It was a good idea to preface
Stockhausen and Boulez with the music of their mentor, Messiaen. The
‘preface’ to the Boulez second Piano Sonata was the impossibly sensual
‘Le baiser de l’Enfant Jésus’ from the Vingt Régards.
It was perhaps curious that the opening was so matter-of-fact, letting
the harmonies speak for themselves. This was indicative of a performance
that seemed to gloss over the more spiritual side of the score. Where
there should have been more a feeling of slow, organic and inevitable
growth, there was more of a walk through the score. The filigree was
impressive (quite a glassy touch, almost improvised), but the climactic
ecstasy was absent.
Finally, Boulez’ magisterial half-hour
Second Sonata received a powerful performance.
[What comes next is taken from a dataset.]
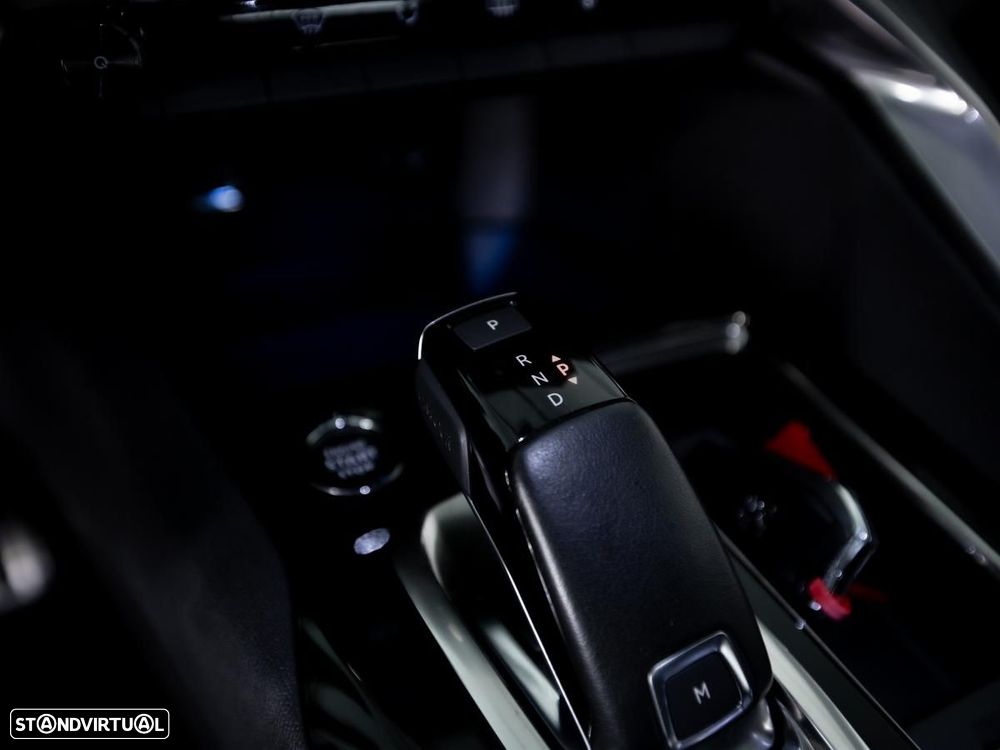 Peugeot 3008 1.5 BlueHDi GT Pack EAT8 - 17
The opening is pure Boulez:
acidic, concentrated and vital. The programme notes made reference to
Beethoven’s Hammerklavier Sonata, and it is certainly true that
the trills were glowing with an energy all their own. However, O’Hagan
found lyricism even here. Parts of the Lent were given almost
Romantically, even tenderly. Here the monumentalism missing in the Messiaen
Baiser found itself a home. The shards of sound of the third
movement contrasted perfectly with the almost Bachian purity of the
finale. Intensity ran through this account: the music is astonishingly
difficult, and O’Hagan played with great aplomb, adding crystalline
delicacy to the mix along the way.
How nice to have a real challenge
as a listener. This is not easy music, but it is infinitely rewarding.
It was good to have a reminder of the stature of these works.